Expressway in the Tokyo area

The Yokohane Route (横羽線, Yokohane-sen), signed as Route K1, is one of the tolled routes of the Shuto Expressway system serving the Greater Tokyo Area and is one of seven of the routes in the system serving Kanagawa Prefecture. The route is a 19.7 km long radial highway running southwest from the southern terminus of the Haneda Route in Ōta near Haneda International Airport in Tokyo to the Kariba Route in Naka-ku, Yokohama in Kanagawa Prefecture. Alongside the Haneda Route, it connects Tokyo's Inner Circular Route in central Tokyo to Yokohama.

==Route description==
Route K1 begins at the Haneda interchange in Ōta as a continuation south for the Haneda Route into Kanagawa Prefecture.

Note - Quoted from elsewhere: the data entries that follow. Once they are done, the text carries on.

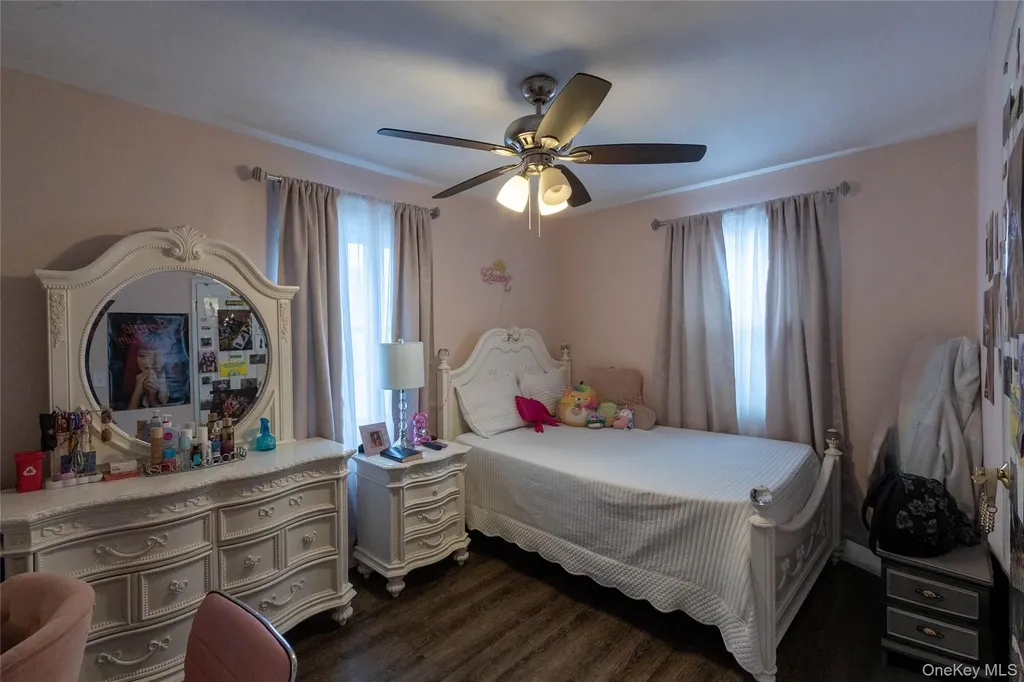 151 Cheltenham Road West Babylon NY 11704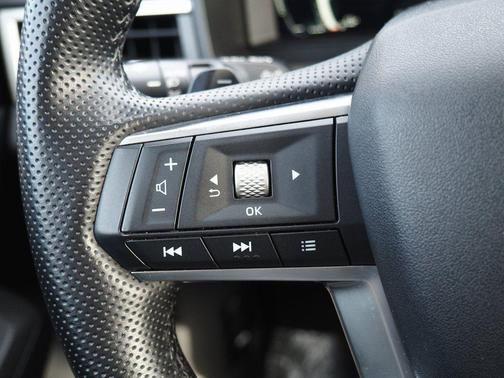 2024 Mitsubishi Outlander PHEV SE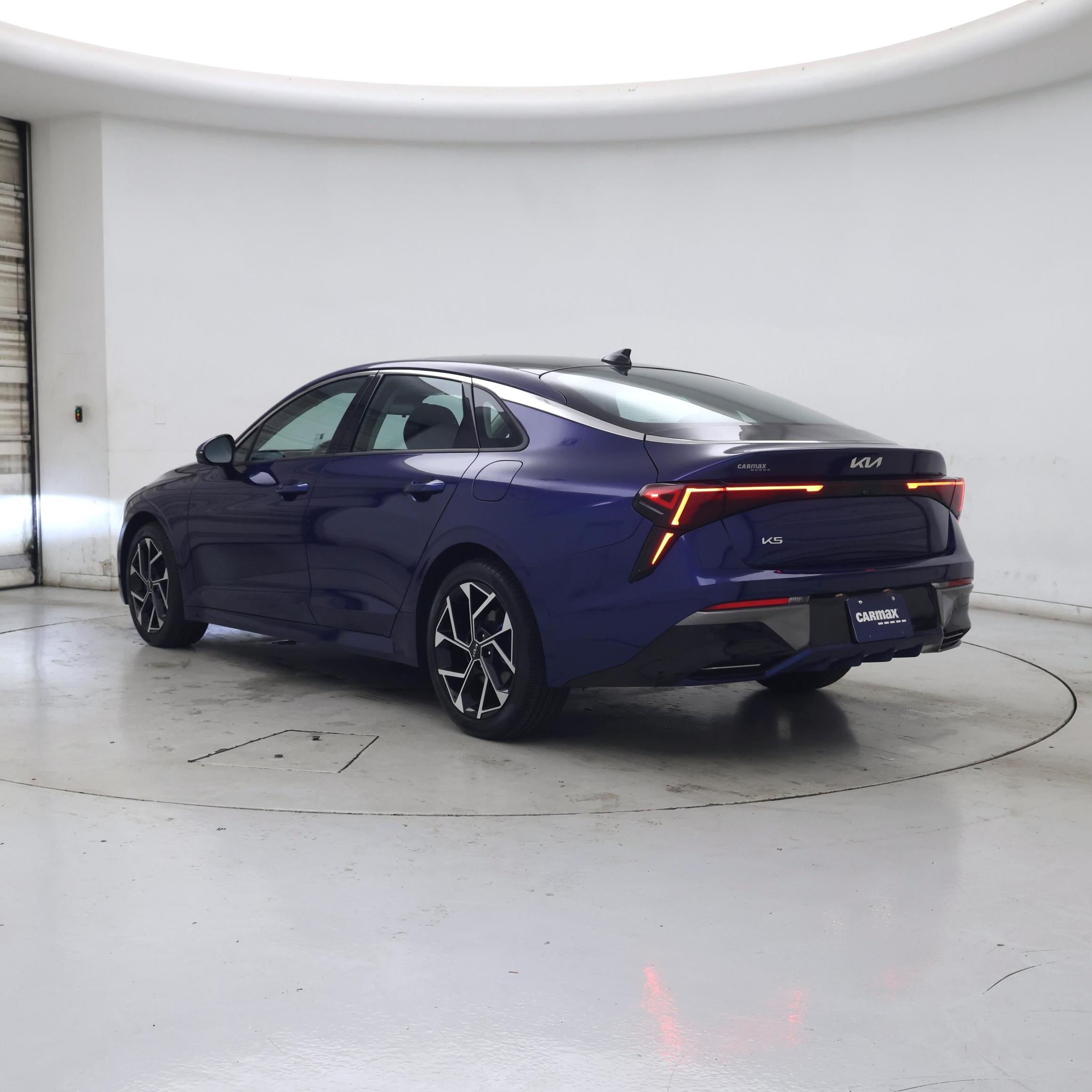 Thumbnail: 2025 Kia K5 - 2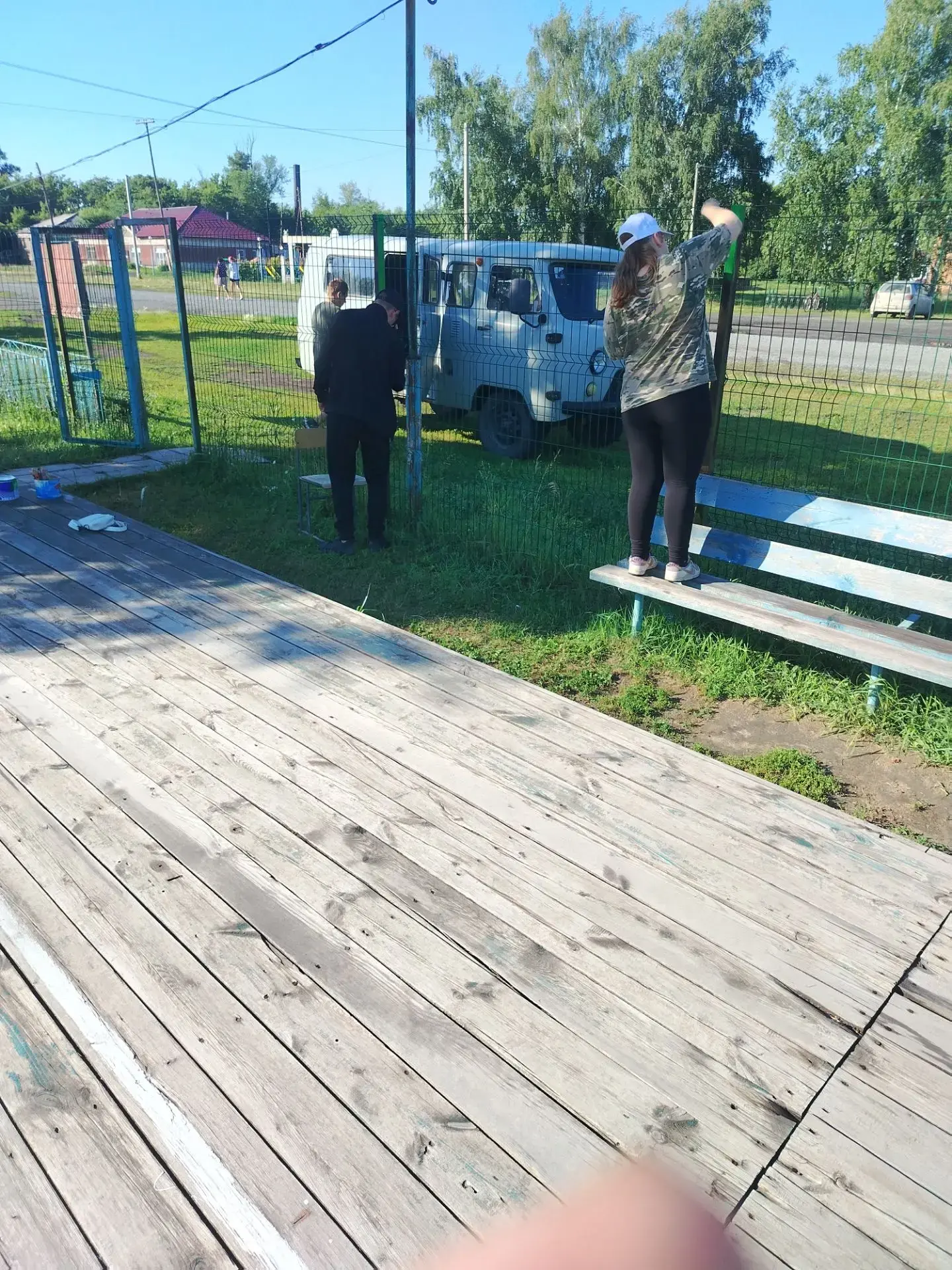 В Александровке продолжают обновлять спортивные объекты. На этот раз провели косметический ремонт во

From this northern terminus, it travels southwest out of Tokyo, crossing in to the eastern part of the city of Kawasaki in Kanagawa Prefecture. The largest junction along the Yokohane Route in Kawasaki is at Daishi Junction where the highway meets the Kawasaki Route at its western terminus. In Yokohama, the expressway intersects the Yokohama North Route, the Daikoku Route, National Route 15, the Mitsuzawa Route, and National Route 1. Route K1 meets its southern terminus at Ishikawachō Junction with the Kariba Route.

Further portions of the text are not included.